The SNB’s move was particularly driven by concerns about franc speculation.The franc, often viewed as a safe haven during times of geopolitical uncertainty, is attracting increased investor interest, prompting the SNB to act preemptively.
The ECB’s statement now explicitly reflects a less restrictive approach to monetary policy. The bank also considerably lowered its growth projections for 2024-2026. The new forecast anticipates eurozone growth of just 1.1% in 2025, down from a previous estimate of 1.3%. Lagarde emphasized that risks to the outlook are “to the downside.”
economists Nick Kounis, Jan-Paul van de Kerke, and Bill Diviney at ABN Amro noted in a recent report, “Tariffs will ultimately prove to be a disinflationary shock for the eurozone. This should see inflation undershooting the target over the medium term, which would require an accommodative monetary-policy stance.”
With the ECB’s deposit rate currently at 3% after three previous reductions, investors anticipate further easing, potentially reaching around 1.75% by the second half of 2025. Though, even this may prove insufficient, according to Pimco portfolio manager Konstantin Veit, who believes “growth will continue to turn out weaker than what the ECB anticipates.”
Global Economic Outlook: A Cautious 2025 Forecast
The global economic landscape is painted with shades of uncertainty as experts predict a slower-than-expected recovery in 2025. Concerns are mounting across continents, prompting cautious forecasts from leading financial institutions and central bank officials.
Adding to the apprehension, a recent report highlighted the potential for markets to adjust to lower interest rates. as one analyst noted, “We expect, and see potential for markets to price lower terminal rates,” indicating a belief that interest rates may not rise as quickly as previously anticipated.
The situation in Europe is particularly concerning. European Central Bank governing council member Madis Muller expressed reservations about a swift economic rebound.In an interview with Vikerraadio on Friday, Muller stated, “a gradual improvement of the economic situation could take place in the whole of Europe, but no one is directly expecting a very powerful growth spurt or economic boom.” This sentiment underscores a widespread concern about the pace of European recovery.

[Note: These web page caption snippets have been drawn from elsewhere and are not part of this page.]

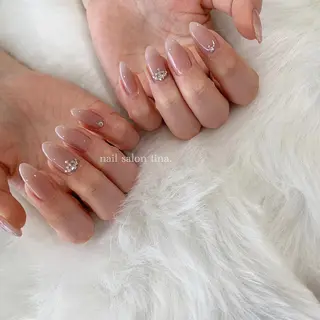 ネイル nail salon tina.所属・中山 はづきのネイルデザイン
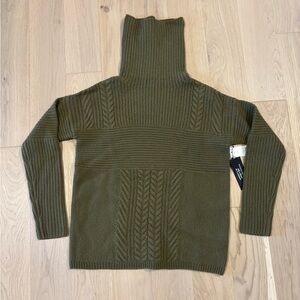 NEW w/o tag Banana Republic Cashmere Olive Sweater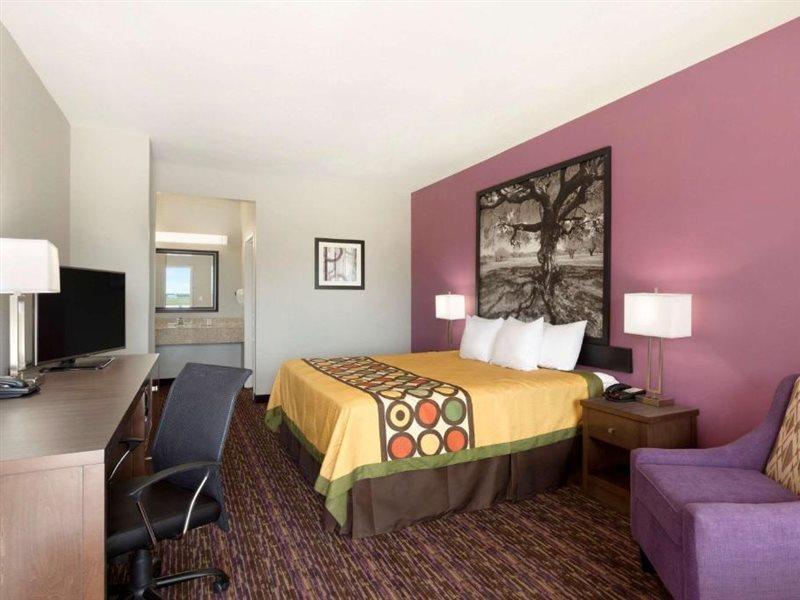 Super 8 By Wyndham Motel Carrizo Springs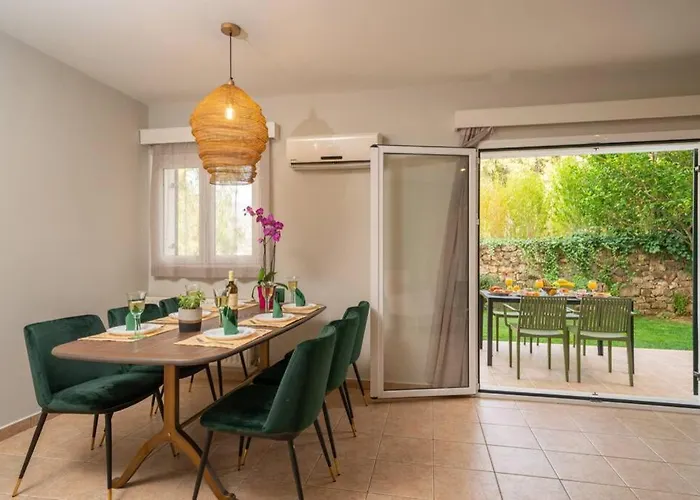 & Elegant With Private Garden *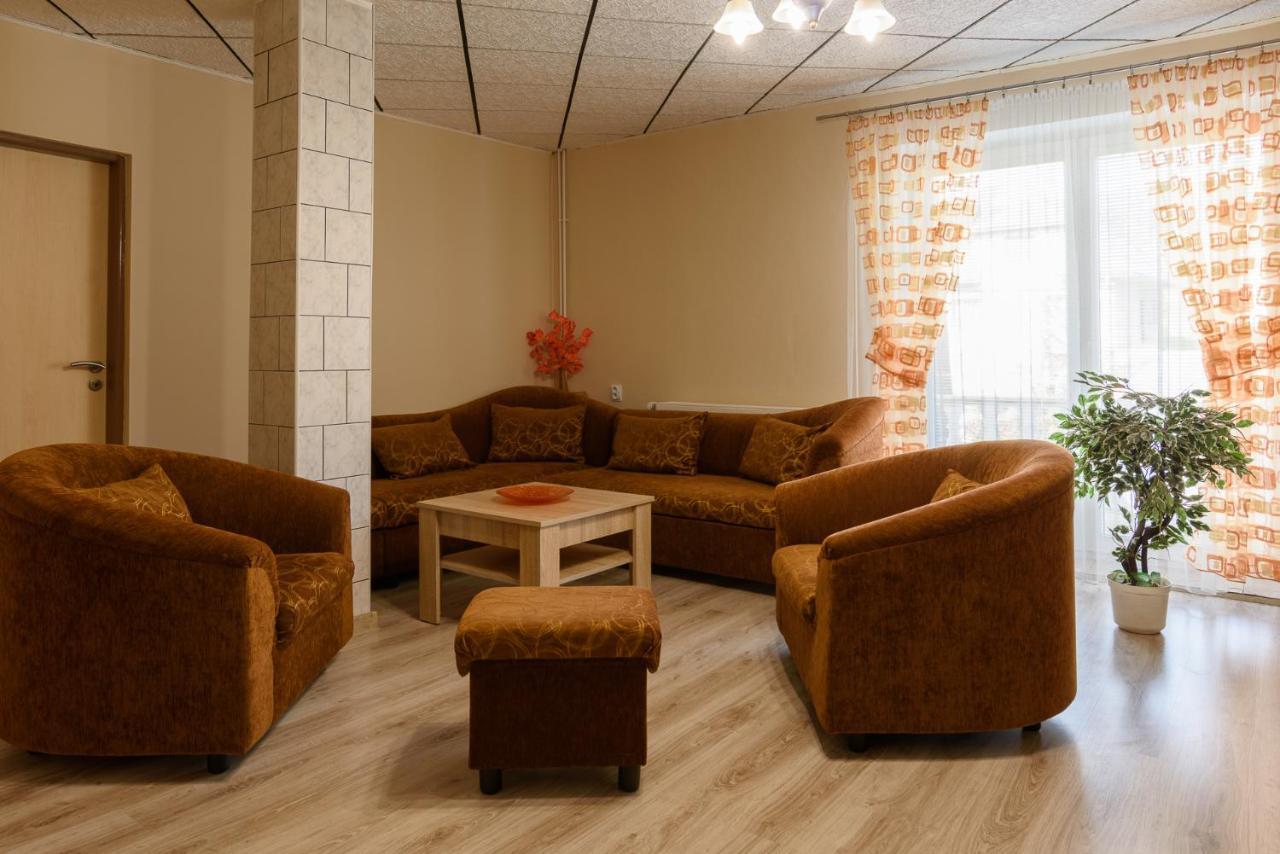 Apartman Elegant 2 Bešeňová 外观 照片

Despite the anxieties surrounding 2025, there’s a glimmer of hope on the horizon. The upcoming change in management in the United States is expected to bring some clarity to the global economic picture. The incoming administration’s policies and actions could significantly impact international markets and influence the trajectory of the global economy.
international Monetary fund Managing Director Christine Lagarde expressed optimism about the potential for increased clarity in the coming months. “A lot is going to be clarified, we hope, in the next few months,” Lagarde told reporters, suggesting that the uncertainty surrounding future economic policies may soon dissipate.
Looking ahead, central banks are expected to continue their efforts to stimulate economic growth. Further interest rate reductions are anticipated, with predictions of additional cuts from certain institutions. One forecast anticipates the Swiss National Bank (SNB) will lower its rate to 0.25% in March. “We still expect further easing will be needed as other central banks continue to reduce rates. We expect the SNB to deliver another cut in March, taking the rate to 0.25%,” a source stated.
The coming months will be critical in determining the accuracy of these forecasts. The interplay of global events, policy decisions, and market reactions will shape the economic landscape of 2025 and beyond. the world watches with bated breath, hoping for a more optimistic outlook to emerge from the current uncertainty.